The latter produces a vector of hash maps, just like the result of `execute!`, where each "row" follows the case conventions of the database, the keys are qualified by the table name, and the hash map is datafiable and navigable. The third expression produces a result that looks identical but has stripped all the metadata away: it has still called `rs/datafiable-row` to fully-realize a datafiable and navigable hash map but it has then "poured" that into a new, empty hash map, losing the metadata.

In addition to the hash map operations described above, the abstraction over the `ResultSet` can also respond to a couple of functions in `next.jdbc.result-set`:

* `next.jdbc.result-set/row-number` - returns the 1-based row number, by calling `.getRow()` on the `ResultSet`,
* `next.jdbc.result-set/column-names` - returns a vector of column names from the `ResultSet`, as created by the result set builder specified,
* `next.jdbc.result-set/metadata` - returns the `ResultSetMetaData` object, datafied (so the result will depend on whether you have required `next.jdbc.datafy`).

> Note: Apache Derby requires the following options to be provided in order to call `.getRow()` (and therefore `row-number`): `{:concurrency :read-only, :cursors :close, :result-type :scroll-insensitive}`

If you realize a row, by calling `datafiable-row` on the abstract row passed into the reducing function, you can still call `row-number` and `column-names` on that realized row.
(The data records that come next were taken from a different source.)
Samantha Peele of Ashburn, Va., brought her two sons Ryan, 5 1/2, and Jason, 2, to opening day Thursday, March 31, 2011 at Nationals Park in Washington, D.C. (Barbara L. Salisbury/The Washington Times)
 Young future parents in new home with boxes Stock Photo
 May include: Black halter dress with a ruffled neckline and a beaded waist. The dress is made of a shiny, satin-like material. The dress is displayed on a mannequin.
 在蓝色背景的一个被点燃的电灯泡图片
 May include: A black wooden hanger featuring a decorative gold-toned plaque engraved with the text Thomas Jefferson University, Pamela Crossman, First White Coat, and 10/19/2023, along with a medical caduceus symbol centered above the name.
These functions are _not_ available on the realized rows returned from `execute!` or `execute-one!`, only within reductions over `plan`.

The order of the column names returned by `column-names` matches SQL's natural order, based on the operation performed, and will also match the order of column values provided in the reduction when using an array-based result set builder (`plan` provides just the column values, one row at a time, when using an array-based builder, without the leading vector of column names that you would get from `execute!`: if you call `datafiable-row` on such a row, you will get a realized vector of column values).

> Note: since `plan` expects you to process the result set via reduction, you should not use it for DDL or for SQL statements that only produce update counts.

As of 1.1.588, two helper functions are available to make some `plan` operations easier:

* `next.jdbc.plan/select-one!` -- reduces over `plan` and returns part of just the first row,
* `next.jdbc.plan/select!` -- reduces over `plan` and returns a sequence of parts of each row.

> Note: in both those cases, an appropriate initial value is supplied to the `reduce` (since `plan` returns an `IReduceInit` object).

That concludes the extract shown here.